/---

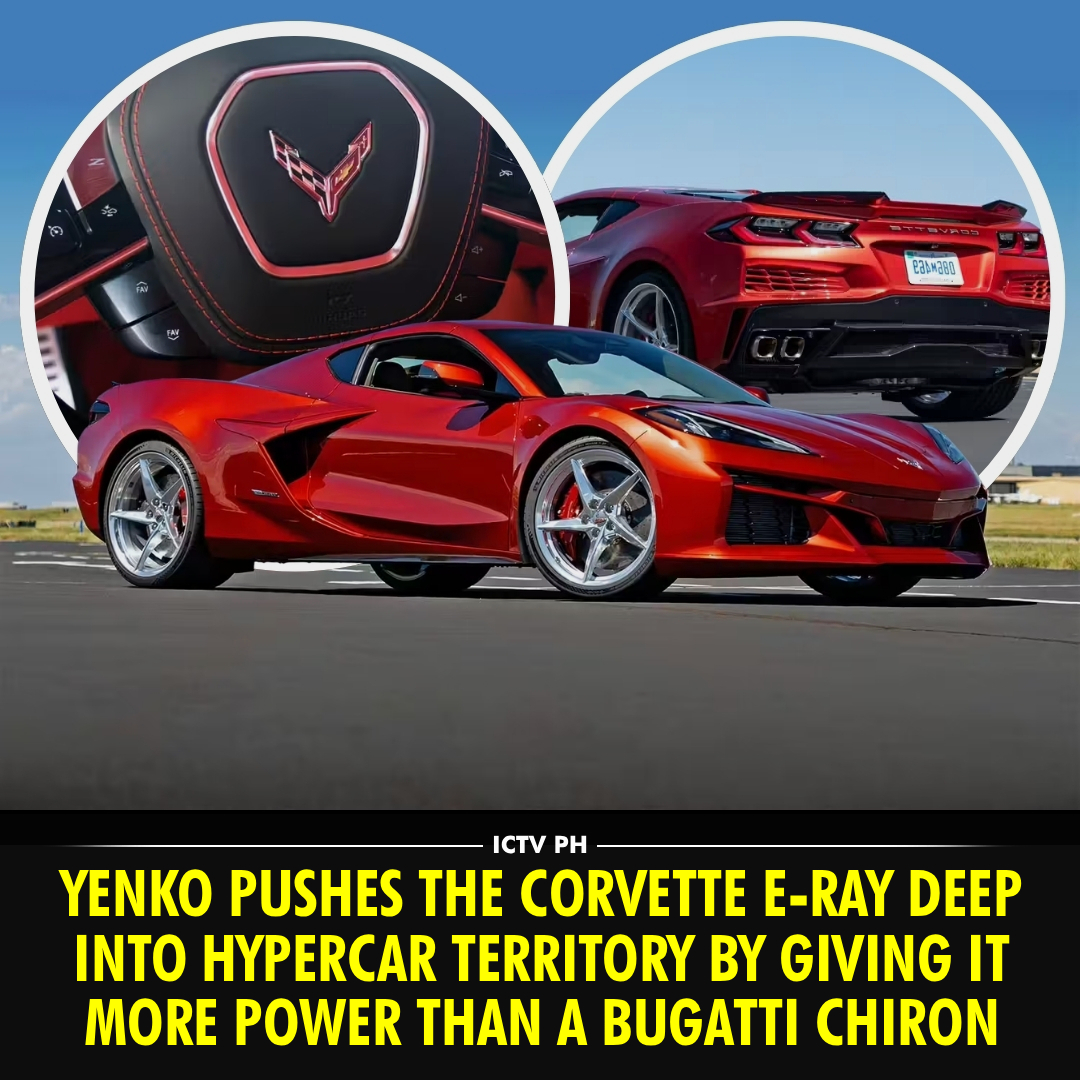 ICTV - Aftermarket experts at SVE have applied the iconic Yenko upgrade ...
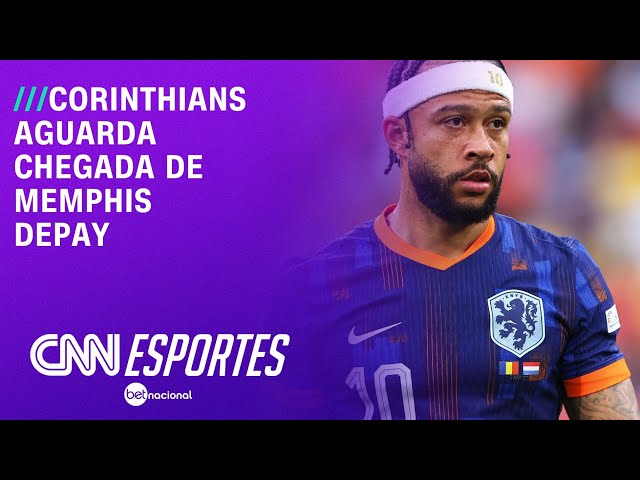 Corinthians aguarda chegada de Memphis Depay | CNN NOVO DIA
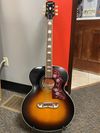 Used Epiphone Inspired by Gibson J-200 Jumbo Acoustic Guitar w/HSC & LR Baggs Anthem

\---

## Work instructions
Will you repeat the material above, but only from the line containing "Corinthians aguarda chegada" through its last line, exactly and without the pictures?

## Expected answer
 Corinthians aguarda chegada de Memphis Depay | CNN NOVO DIA
 Used Epiphone Inspired by Gibson J-200 Jumbo Acoustic Guitar w/HSC & LR Baggs Anthem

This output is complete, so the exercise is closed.